Starting with the line that has "మీరు బరువు తగ్గాలని" in the records below and stopping after the line that has "Arı sokmasından sonra", output every line exactly and nothing else; skip pictures.

■ Records provided:
>>>

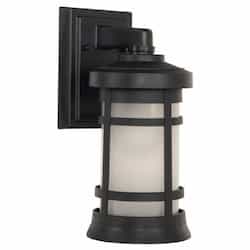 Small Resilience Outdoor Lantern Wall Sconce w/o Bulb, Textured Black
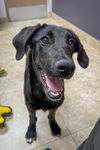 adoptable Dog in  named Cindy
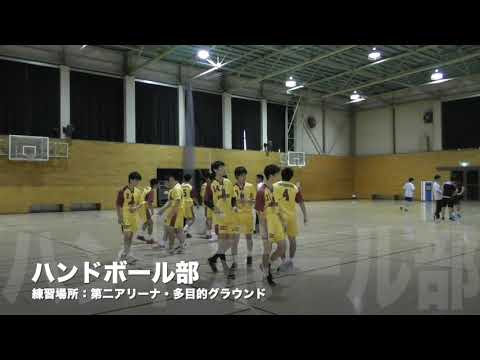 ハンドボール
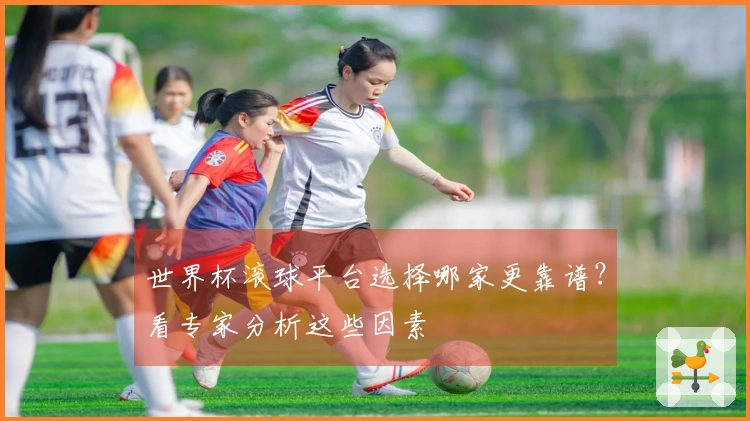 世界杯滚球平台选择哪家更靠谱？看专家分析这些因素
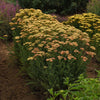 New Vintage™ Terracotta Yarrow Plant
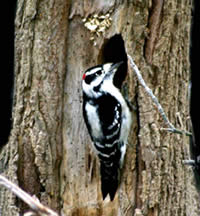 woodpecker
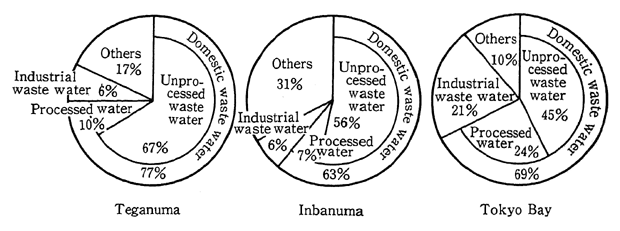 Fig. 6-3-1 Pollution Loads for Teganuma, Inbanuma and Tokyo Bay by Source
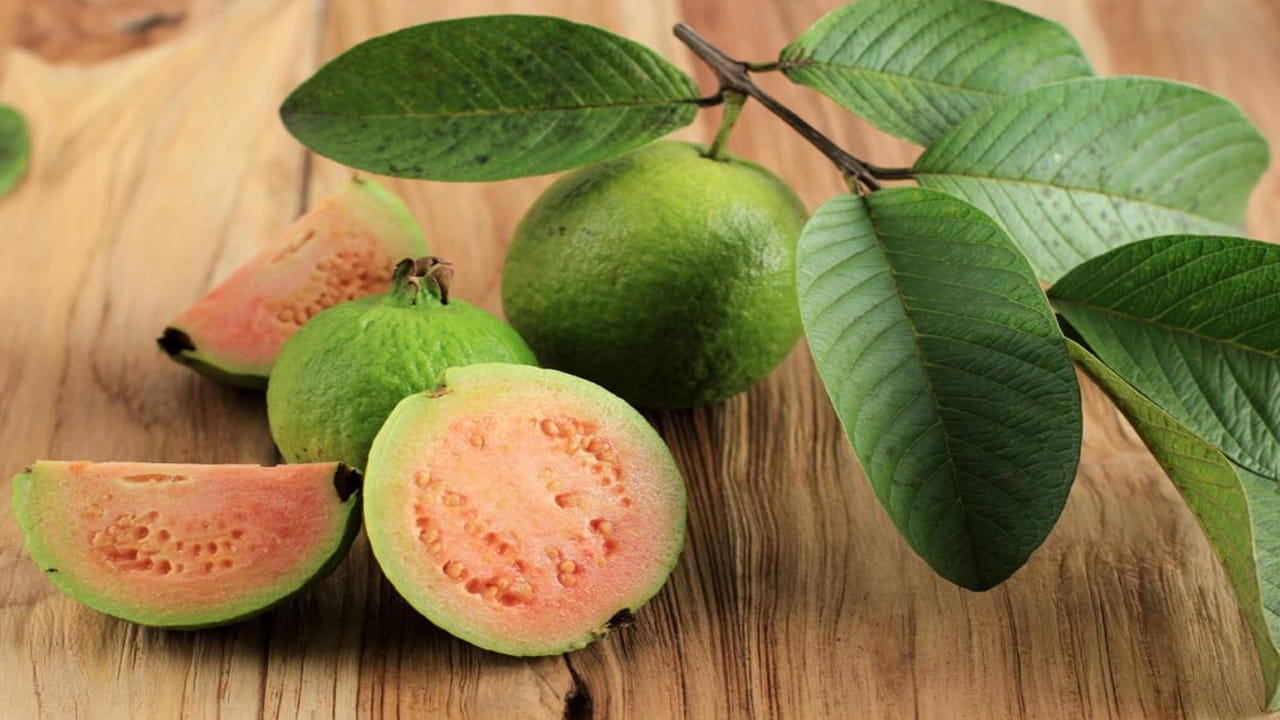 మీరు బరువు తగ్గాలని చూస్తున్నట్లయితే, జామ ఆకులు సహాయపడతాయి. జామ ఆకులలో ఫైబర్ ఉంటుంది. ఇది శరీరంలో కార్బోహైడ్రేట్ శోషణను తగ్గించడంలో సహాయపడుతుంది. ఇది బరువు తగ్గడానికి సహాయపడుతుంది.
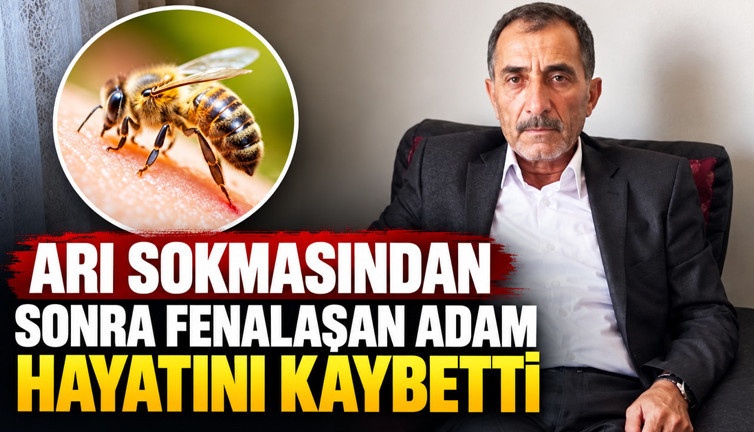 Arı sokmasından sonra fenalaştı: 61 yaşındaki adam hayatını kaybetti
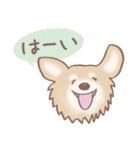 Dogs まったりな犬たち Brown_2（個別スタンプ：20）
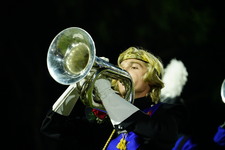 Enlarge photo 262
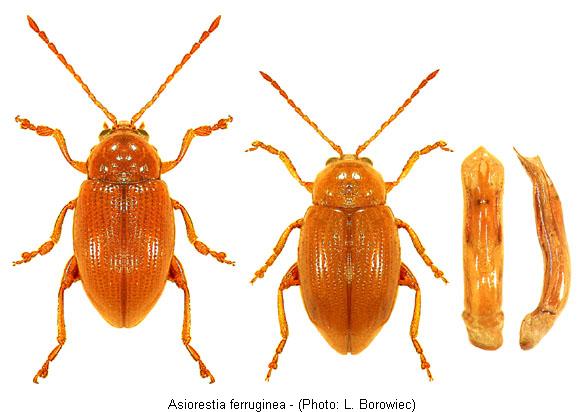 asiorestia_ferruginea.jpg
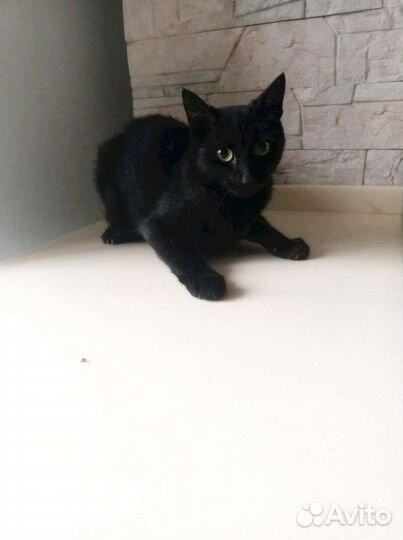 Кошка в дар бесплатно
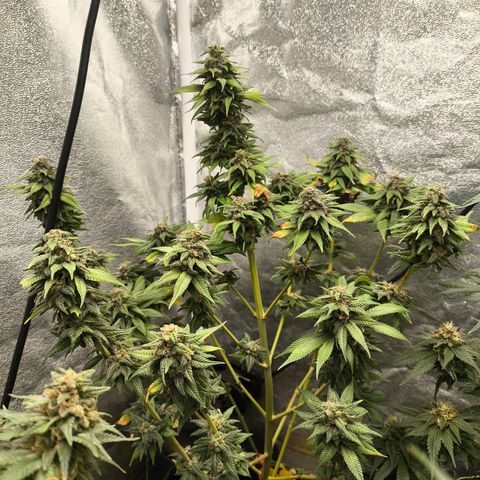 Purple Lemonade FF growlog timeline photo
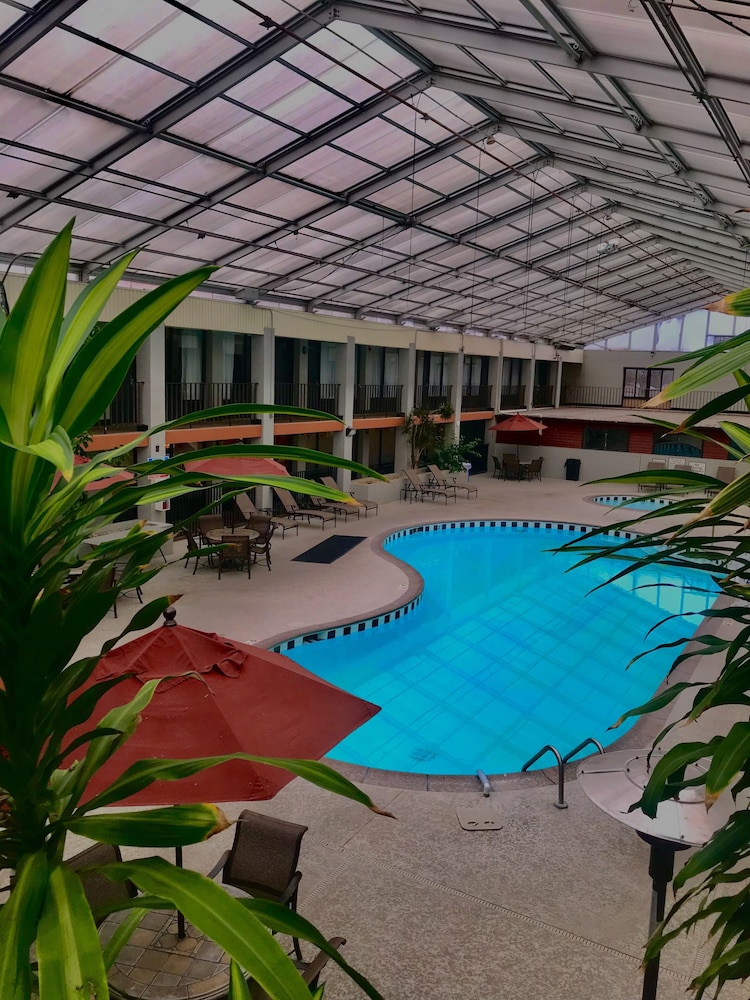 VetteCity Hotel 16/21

<<<
>>>

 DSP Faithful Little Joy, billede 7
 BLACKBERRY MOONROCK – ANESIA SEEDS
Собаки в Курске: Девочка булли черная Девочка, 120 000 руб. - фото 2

<<<

■ Task output:
 మీరు బరువు తగ్గాలని చూస్తున్నట్లయితే, జామ ఆకులు సహాయపడతాయి. జామ ఆకులలో ఫైబర్ ఉంటుంది. ఇది శరీరంలో కార్బోహైడ్రేట్ శోషణను తగ్గించడంలో సహాయపడుతుంది. ఇది బరువు తగ్గడానికి సహాయపడుతుంది.
 Arı sokmasından sonra fenalaştı: 61 yaşındaki adam hayatını kaybetti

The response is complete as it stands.